In the records below, the line with "Apartments Malou Baska Voda Room photo" opens the range and the line with "324 Glistening Cloud" closes it; print that range exactly and nothing else.

══════════

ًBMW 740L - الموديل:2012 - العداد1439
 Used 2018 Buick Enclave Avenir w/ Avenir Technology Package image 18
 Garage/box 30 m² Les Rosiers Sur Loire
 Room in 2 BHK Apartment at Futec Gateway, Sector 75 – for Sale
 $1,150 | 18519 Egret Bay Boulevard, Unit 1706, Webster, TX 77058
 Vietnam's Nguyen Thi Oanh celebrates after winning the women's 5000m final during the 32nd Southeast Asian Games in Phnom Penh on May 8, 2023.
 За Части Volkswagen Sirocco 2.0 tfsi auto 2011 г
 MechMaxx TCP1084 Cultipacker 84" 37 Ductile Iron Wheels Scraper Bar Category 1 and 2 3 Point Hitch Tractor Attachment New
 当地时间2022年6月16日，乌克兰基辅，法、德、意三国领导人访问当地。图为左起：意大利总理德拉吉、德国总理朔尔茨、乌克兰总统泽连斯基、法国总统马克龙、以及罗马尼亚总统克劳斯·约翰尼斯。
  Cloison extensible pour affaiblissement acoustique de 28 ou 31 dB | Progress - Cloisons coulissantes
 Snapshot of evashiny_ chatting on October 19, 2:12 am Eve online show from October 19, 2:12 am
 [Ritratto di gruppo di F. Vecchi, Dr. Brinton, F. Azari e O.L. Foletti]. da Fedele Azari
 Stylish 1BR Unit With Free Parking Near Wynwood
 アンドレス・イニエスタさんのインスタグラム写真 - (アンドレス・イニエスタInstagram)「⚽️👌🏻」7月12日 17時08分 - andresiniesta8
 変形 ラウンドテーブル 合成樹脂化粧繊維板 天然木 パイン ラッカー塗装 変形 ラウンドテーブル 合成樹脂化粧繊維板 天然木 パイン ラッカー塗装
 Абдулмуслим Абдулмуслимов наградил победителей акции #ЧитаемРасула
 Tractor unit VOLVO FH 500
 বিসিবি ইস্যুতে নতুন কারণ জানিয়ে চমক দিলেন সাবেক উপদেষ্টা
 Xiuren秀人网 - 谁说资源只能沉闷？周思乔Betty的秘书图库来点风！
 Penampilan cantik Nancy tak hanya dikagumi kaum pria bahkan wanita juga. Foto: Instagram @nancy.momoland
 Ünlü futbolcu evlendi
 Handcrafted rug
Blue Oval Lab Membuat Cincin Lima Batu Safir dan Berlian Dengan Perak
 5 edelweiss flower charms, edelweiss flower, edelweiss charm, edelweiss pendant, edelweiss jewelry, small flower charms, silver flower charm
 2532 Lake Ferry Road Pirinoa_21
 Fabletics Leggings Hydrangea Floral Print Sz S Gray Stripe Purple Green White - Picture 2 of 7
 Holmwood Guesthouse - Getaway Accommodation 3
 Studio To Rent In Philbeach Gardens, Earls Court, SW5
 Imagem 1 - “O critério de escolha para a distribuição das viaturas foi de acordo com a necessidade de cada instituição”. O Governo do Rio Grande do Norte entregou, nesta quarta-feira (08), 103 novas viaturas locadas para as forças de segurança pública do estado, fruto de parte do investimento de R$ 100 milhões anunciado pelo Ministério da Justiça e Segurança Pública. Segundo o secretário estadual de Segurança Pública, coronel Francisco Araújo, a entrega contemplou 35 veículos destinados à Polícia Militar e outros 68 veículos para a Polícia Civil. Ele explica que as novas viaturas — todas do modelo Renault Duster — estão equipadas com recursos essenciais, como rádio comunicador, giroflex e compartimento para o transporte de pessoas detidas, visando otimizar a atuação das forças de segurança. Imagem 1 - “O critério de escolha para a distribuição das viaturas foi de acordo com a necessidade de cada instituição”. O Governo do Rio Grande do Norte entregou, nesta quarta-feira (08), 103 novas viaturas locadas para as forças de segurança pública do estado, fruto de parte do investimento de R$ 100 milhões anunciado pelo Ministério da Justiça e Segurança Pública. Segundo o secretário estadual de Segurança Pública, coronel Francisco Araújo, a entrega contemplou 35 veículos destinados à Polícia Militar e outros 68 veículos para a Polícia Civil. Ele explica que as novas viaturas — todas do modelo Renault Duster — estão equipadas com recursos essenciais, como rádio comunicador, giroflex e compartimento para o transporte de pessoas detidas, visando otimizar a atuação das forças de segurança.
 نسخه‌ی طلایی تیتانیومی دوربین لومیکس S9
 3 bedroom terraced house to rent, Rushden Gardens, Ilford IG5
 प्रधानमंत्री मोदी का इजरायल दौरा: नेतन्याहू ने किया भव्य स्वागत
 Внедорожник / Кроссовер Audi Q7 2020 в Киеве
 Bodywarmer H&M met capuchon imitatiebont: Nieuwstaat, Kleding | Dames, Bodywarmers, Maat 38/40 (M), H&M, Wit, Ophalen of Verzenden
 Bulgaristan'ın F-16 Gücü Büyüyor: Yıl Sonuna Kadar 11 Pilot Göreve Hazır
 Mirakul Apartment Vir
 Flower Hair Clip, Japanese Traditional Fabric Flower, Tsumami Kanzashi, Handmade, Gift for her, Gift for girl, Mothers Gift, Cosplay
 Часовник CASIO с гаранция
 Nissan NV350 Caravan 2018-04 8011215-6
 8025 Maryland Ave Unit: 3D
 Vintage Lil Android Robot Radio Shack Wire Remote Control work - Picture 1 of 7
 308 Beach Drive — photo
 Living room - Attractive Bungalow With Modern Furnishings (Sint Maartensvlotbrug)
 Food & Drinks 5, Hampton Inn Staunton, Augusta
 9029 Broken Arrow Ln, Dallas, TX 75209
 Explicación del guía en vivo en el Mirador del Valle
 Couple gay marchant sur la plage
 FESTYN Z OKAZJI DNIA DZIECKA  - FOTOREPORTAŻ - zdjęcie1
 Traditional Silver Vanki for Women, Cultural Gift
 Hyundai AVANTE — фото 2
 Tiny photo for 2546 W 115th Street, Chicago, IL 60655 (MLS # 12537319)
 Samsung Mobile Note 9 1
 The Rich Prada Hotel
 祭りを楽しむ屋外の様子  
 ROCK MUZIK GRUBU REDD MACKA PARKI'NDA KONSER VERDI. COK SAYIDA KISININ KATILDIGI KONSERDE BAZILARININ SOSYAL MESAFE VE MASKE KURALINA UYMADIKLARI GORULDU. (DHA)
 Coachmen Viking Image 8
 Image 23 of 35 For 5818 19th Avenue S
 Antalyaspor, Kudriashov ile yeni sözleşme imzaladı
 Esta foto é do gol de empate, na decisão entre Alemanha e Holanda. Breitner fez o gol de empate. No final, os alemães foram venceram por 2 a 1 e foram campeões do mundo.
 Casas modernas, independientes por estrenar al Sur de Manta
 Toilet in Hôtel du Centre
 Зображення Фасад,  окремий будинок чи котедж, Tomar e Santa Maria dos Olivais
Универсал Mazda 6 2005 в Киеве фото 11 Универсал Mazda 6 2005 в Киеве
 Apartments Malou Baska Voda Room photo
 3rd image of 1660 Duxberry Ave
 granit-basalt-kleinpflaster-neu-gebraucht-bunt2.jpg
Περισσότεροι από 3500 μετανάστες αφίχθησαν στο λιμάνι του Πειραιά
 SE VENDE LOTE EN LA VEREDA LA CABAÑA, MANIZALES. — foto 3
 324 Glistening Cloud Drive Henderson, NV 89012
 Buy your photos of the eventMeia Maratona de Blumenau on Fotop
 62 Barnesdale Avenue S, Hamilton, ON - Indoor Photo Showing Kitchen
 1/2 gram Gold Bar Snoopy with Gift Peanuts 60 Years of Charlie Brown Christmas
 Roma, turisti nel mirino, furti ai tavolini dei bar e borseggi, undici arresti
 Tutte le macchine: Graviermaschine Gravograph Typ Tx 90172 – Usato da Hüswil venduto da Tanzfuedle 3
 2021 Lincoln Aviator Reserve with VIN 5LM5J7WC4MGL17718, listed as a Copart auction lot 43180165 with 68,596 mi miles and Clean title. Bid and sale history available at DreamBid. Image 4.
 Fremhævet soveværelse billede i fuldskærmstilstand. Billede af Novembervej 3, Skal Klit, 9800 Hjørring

══════════

Exercise result.
 Apartments Malou Baska Voda Room photo
 3rd image of 1660 Duxberry Ave
 granit-basalt-kleinpflaster-neu-gebraucht-bunt2.jpg
Περισσότεροι από 3500 μετανάστες αφίχθησαν στο λιμάνι του Πειραιά
 SE VENDE LOTE EN LA VEREDA LA CABAÑA, MANIZALES. — foto 3
 324 Glistening Cloud Drive Henderson, NV 89012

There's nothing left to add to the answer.